## SOURCE MATERIAL
>>>>>

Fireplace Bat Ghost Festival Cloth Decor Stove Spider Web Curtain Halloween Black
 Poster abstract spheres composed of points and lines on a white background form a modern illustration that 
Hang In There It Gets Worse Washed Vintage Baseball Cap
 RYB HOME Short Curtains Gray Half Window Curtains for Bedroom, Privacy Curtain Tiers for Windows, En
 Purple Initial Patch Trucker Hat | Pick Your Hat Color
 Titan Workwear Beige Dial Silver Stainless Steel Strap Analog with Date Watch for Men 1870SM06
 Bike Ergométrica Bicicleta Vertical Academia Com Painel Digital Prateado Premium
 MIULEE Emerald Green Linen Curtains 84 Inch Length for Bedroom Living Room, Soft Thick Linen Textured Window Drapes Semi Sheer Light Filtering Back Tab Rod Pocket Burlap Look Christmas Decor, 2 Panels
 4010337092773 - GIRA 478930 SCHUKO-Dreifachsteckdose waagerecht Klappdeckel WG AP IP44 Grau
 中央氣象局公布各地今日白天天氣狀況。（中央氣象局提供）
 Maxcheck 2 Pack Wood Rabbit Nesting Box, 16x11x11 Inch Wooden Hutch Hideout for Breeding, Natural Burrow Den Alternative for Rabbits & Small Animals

<<<<<

## YOUR GOAL
Every line that contains "Inch" should be copied out of the data.

## RESPONSE TO THIS EXERCISE
 MIULEE Emerald Green Linen Curtains 84 Inch Length for Bedroom Living Room, Soft Thick Linen Textured Window Drapes Semi Sheer Light Filtering Back Tab Rod Pocket Burlap Look Christmas Decor, 2 Panels
 Maxcheck 2 Pack Wood Rabbit Nesting Box, 16x11x11 Inch Wooden Hutch Hideout for Breeding, Natural Burrow Den Alternative for Rabbits & Small Animals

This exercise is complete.